── EXTRACTED DATA

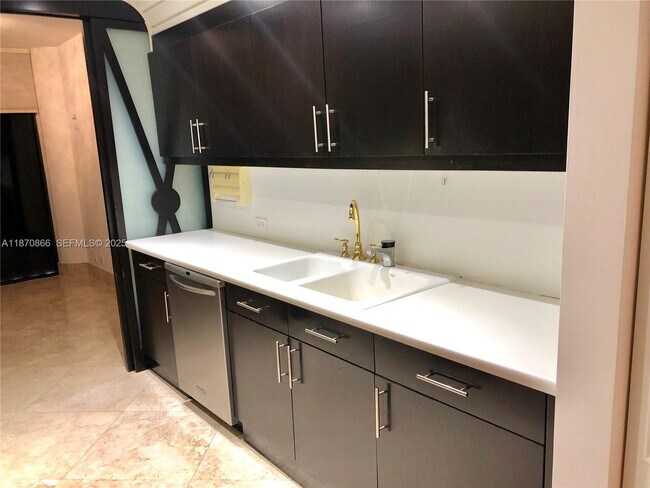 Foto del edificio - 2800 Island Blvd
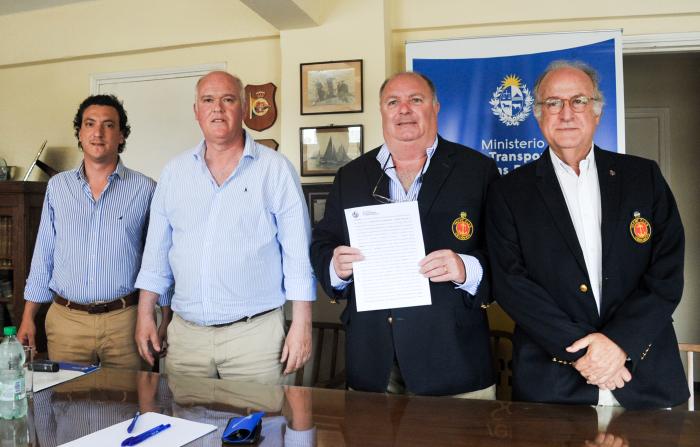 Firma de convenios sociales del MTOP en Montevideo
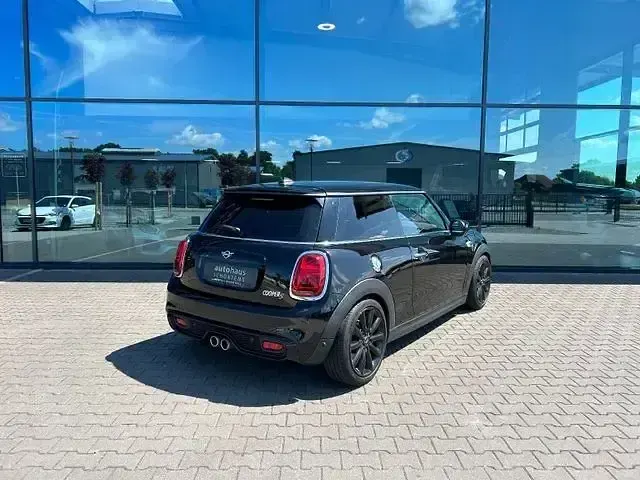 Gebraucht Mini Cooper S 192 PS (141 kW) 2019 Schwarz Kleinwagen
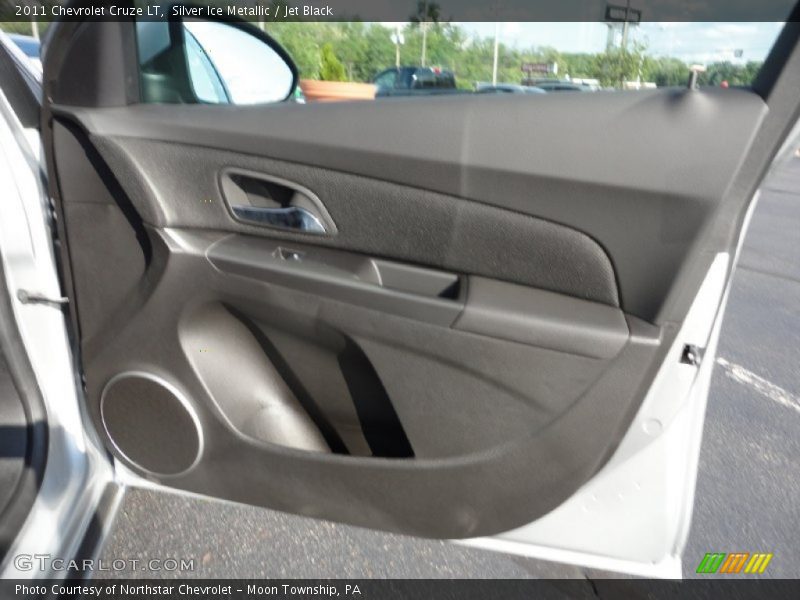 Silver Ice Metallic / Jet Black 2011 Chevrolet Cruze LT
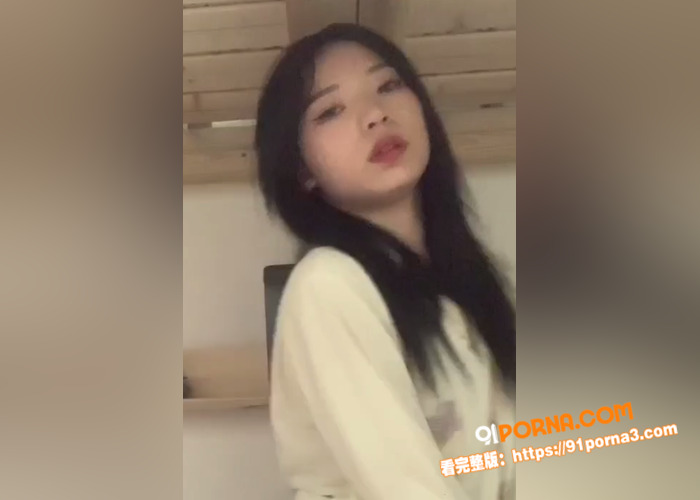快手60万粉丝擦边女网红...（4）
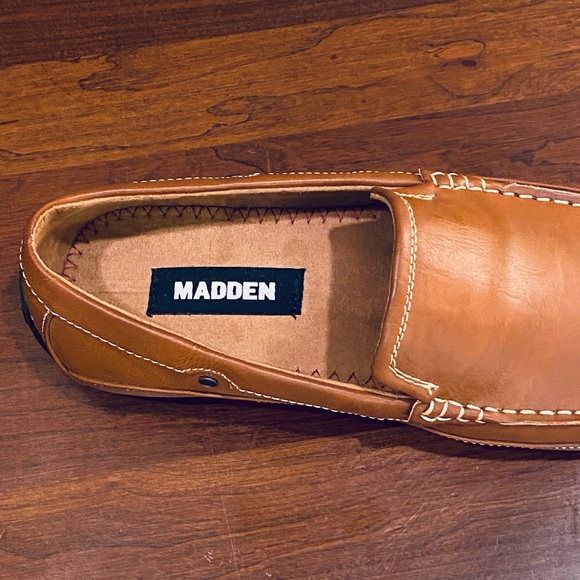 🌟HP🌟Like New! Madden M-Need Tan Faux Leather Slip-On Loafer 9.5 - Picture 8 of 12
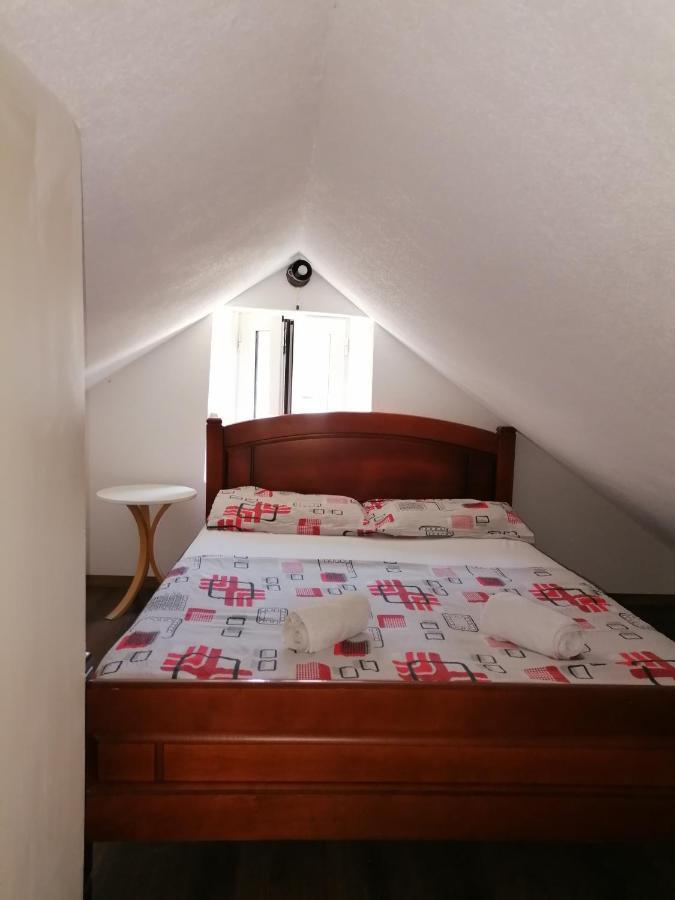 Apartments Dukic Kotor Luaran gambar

────

▸ **WHAT YOU ARE ASKED TO DO**
Nothing but the lines from the one with "Picture 8 of 12" through the end of the entries above, both included, should be set down, exactly and without pictures.

▸ **RESPONSE TO THE TASK**
 🌟HP🌟Like New! Madden M-Need Tan Faux Leather Slip-On Loafer 9.5 - Picture 8 of 12
 Apartments Dukic Kotor Luaran gambar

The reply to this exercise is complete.